▶ _ACTIVITY_
Give the records again, word for word.

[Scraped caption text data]
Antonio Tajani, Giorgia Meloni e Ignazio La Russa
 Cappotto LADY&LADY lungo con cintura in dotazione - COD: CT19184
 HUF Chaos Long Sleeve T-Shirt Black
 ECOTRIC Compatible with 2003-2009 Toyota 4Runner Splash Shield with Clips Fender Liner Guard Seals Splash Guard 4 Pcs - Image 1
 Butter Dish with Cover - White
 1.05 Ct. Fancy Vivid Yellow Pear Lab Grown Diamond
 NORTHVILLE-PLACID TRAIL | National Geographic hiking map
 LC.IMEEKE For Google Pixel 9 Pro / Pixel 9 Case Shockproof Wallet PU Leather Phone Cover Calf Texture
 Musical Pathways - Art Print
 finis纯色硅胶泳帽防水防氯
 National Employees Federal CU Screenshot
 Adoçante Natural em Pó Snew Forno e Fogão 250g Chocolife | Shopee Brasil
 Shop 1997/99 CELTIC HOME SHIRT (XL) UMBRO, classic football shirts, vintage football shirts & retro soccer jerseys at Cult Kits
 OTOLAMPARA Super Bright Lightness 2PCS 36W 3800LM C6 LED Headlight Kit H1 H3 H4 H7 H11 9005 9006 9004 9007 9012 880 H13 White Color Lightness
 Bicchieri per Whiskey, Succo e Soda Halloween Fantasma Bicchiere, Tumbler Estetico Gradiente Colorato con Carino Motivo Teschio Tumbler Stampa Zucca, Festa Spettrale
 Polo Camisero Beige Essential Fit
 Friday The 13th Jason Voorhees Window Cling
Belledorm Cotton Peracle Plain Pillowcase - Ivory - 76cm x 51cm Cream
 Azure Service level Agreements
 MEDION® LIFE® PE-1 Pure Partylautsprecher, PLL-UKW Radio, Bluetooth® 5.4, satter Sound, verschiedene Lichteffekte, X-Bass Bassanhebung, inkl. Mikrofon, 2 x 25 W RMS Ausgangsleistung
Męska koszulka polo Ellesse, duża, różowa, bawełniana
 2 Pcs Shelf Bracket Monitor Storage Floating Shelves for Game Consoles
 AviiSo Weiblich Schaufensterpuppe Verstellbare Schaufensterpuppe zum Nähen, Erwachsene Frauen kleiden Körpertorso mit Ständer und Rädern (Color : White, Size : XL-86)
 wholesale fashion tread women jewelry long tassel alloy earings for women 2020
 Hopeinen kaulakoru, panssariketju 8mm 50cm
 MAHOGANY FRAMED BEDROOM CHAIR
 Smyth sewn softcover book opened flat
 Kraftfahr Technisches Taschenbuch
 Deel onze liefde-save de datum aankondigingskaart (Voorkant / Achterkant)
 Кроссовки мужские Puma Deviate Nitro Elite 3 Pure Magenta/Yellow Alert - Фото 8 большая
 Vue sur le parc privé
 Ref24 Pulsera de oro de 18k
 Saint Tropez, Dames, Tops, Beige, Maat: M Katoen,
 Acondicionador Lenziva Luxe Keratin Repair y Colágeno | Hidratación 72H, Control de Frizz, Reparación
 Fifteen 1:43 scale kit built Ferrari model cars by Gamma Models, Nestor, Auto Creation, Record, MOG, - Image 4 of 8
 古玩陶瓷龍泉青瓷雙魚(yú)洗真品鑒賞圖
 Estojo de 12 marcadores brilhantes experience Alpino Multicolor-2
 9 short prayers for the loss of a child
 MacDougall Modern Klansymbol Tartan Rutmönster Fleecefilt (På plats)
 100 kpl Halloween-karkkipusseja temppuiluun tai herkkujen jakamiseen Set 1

▶ _REPLY_
Antonio Tajani, Giorgia Meloni e Ignazio La Russa
 Cappotto LADY&LADY lungo con cintura in dotazione - COD: CT19184
 HUF Chaos Long Sleeve T-Shirt Black
 ECOTRIC Compatible with 2003-2009 Toyota 4Runner Splash Shield with Clips Fender Liner Guard Seals Splash Guard 4 Pcs - Image 1
 Butter Dish with Cover - White
 1.05 Ct. Fancy Vivid Yellow Pear Lab Grown Diamond
 NORTHVILLE-PLACID TRAIL | National Geographic hiking map
 LC.IMEEKE For Google Pixel 9 Pro / Pixel 9 Case Shockproof Wallet PU Leather Phone Cover Calf Texture
 Musical Pathways - Art Print
 finis纯色硅胶泳帽防水防氯
 National Employees Federal CU Screenshot
 Adoçante Natural em Pó Snew Forno e Fogão 250g Chocolife | Shopee Brasil
 Shop 1997/99 CELTIC HOME SHIRT (XL) UMBRO, classic football shirts, vintage football shirts & retro soccer jerseys at Cult Kits
 OTOLAMPARA Super Bright Lightness 2PCS 36W 3800LM C6 LED Headlight Kit H1 H3 H4 H7 H11 9005 9006 9004 9007 9012 880 H13 White Color Lightness
 Bicchieri per Whiskey, Succo e Soda Halloween Fantasma Bicchiere, Tumbler Estetico Gradiente Colorato con Carino Motivo Teschio Tumbler Stampa Zucca, Festa Spettrale
 Polo Camisero Beige Essential Fit
 Friday The 13th Jason Voorhees Window Cling
Belledorm Cotton Peracle Plain Pillowcase - Ivory - 76cm x 51cm Cream
 Azure Service level Agreements
 MEDION® LIFE® PE-1 Pure Partylautsprecher, PLL-UKW Radio, Bluetooth® 5.4, satter Sound, verschiedene Lichteffekte, X-Bass Bassanhebung, inkl. Mikrofon, 2 x 25 W RMS Ausgangsleistung
Męska koszulka polo Ellesse, duża, różowa, bawełniana
 2 Pcs Shelf Bracket Monitor Storage Floating Shelves for Game Consoles
 AviiSo Weiblich Schaufensterpuppe Verstellbare Schaufensterpuppe zum Nähen, Erwachsene Frauen kleiden Körpertorso mit Ständer und Rädern (Color : White, Size : XL-86)
 wholesale fashion tread women jewelry long tassel alloy earings for women 2020
 Hopeinen kaulakoru, panssariketju 8mm 50cm
 MAHOGANY FRAMED BEDROOM CHAIR
 Smyth sewn softcover book opened flat
 Kraftfahr Technisches Taschenbuch
 Deel onze liefde-save de datum aankondigingskaart (Voorkant / Achterkant)
 Кроссовки мужские Puma Deviate Nitro Elite 3 Pure Magenta/Yellow Alert - Фото 8 большая
 Vue sur le parc privé
 Ref24 Pulsera de oro de 18k
 Saint Tropez, Dames, Tops, Beige, Maat: M Katoen,
 Acondicionador Lenziva Luxe Keratin Repair y Colágeno | Hidratación 72H, Control de Frizz, Reparación
 Fifteen 1:43 scale kit built Ferrari model cars by Gamma Models, Nestor, Auto Creation, Record, MOG, - Image 4 of 8
 古玩陶瓷龍泉青瓷雙魚(yú)洗真品鑒賞圖
 Estojo de 12 marcadores brilhantes experience Alpino Multicolor-2
 9 short prayers for the loss of a child
 MacDougall Modern Klansymbol Tartan Rutmönster Fleecefilt (På plats)
 100 kpl Halloween-karkkipusseja temppuiluun tai herkkujen jakamiseen Set 1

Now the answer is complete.